That's exactly what it looks like... a root growing through a stone wall and cracking it. It's super effective!

Either that or it was behind the walls all along which seems unlikely. Maybe it's redstone wiring?

Rifneno wrote...

The Chantry says it's water from the Fade, but without an explanation for why Fade water is underground in Thedas, that doesn't really explain anything.


It dripped down, I guess. :P

Rifneno wrote...

That picture is a shot of the ceiling in the Primeval Thaig, one of the earlier rooms. More of it can be seen in the vault, in the distance with a bunch of the fallen statues that we haven't been able to identify.


Weren't there similar crystals where you met Sandel in the deep roads? The blue ones, not the red ones.

Rifneno wrote...

My stupid nickname for the Golden City/Black City. Black gold... oil.


You're too clever for my own good. :P

Rifneno wrote...

Nah, I think if he was going to debunk the whole theory, he'd have done it in his first post.
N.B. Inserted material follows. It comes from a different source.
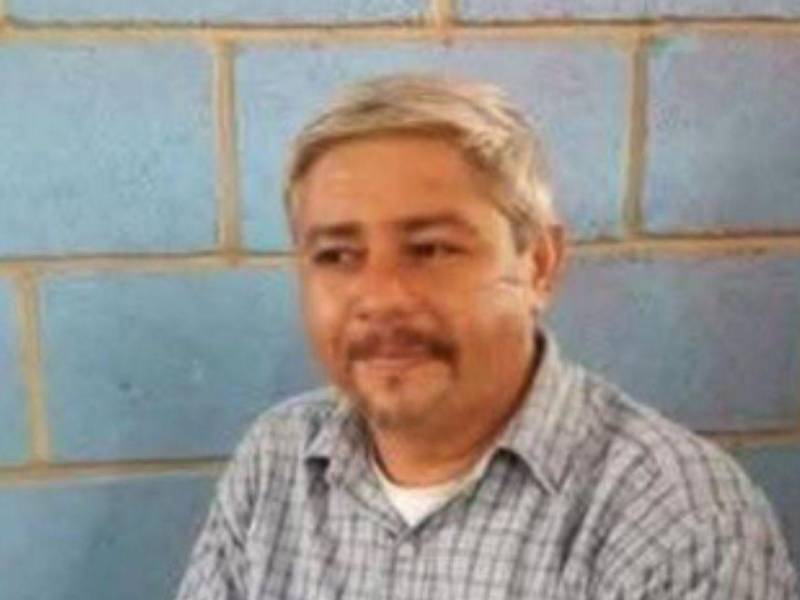 Olvin Vallecillo laboraba como docente de educación primaria.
That's a point... There's still no reason to stop speculating.

This whole thing keeps getting curioser and curioser. It's a riddle wrapped in mystery inside an enigma

Rifneno wrote...

I try to throw in some humor. I wanted to take a screenshot of the weird black statues with a bit zoomed in on the bottom of the back to reveal "Made in Taiwan" scrawled on it, but I suck at Photoshop. It almost physically hurt not to make that be. 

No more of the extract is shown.